Plus le temps passe et plus il apparaît évident que les liens sont étroits entre ce qui nous passionne, la chose roulante sous toutes ses formes, et le quotidien des Français. Déjà parce que quand la politique aboie la caravane passe, témoignage que le train des décisions les plus farfelues roule in fine sur les rails de notre indifférence. Impossible en effet de taire qu’à défaut de se battre pour le changement, le compatriote manifeste pour éviter que ça change. Lové dans son oisiveté nouvelle, se complaisant dans un confort d’apparat qui consiste à battre le pavé entre deux séances de vautrage dans des canapés-relax face à des écrans géants vomissant leur contenu en streaming, l’humanoïde de 2025 se gave de coupe-graisses plutôt qu’il limite sa consommation de gras. Râleur à temps plein mais volontaire à temps partiel seulement, il se montre docile en toutes circonstances : comme lui sa familiale qui a gonflé, s’écrasant sous sa suffisance en à peine deux générations (une R21 Nevada 7 places -on ne rigole pas- pesait 1 035 kg en 1990, un Peugeot 5008 7 places électrique actuel presque 2 330…), se voit désormais taxée pour son surpoids y compris dans les zones qui militaient jusque-là pour sa multiplication.

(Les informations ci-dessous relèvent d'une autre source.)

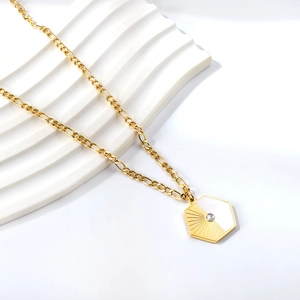 Detailed macro view of hexagonal pendant with mother of pearl and sunburst sun pattern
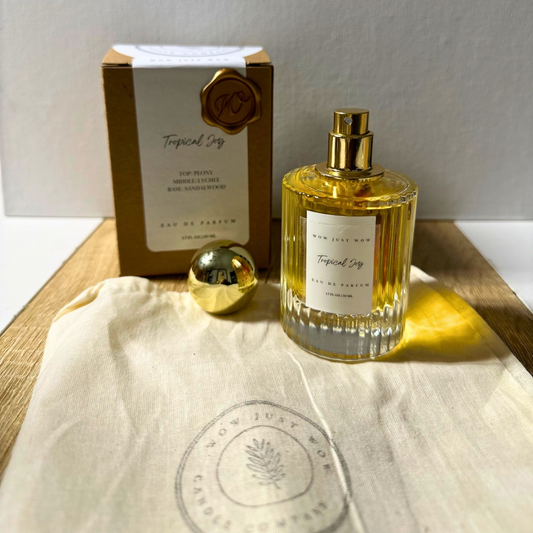 Non-toxic eau de parfum with Tropical Joy glass bottle, gold cap, and cardboard box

Paris éreinte le visiteur (à ne pas confondre avec le touriste, personnage hautement respecté dont le déplacement en charters fumants ne déclenche aucun courroux municipal) en confondant carte grise et PEL quitte à confier les clefs de la ville à des Zoé aux carrosseries délitées dont le coût d’exploitation diminue à mesure qu’elles matraquent. L’intérêt de chacun prévaut sur l’intérêt général mais s’en offusquer n’est pas une prise de conscience. S’aimer soi-même n’est pas un gage qu’on aime les autres.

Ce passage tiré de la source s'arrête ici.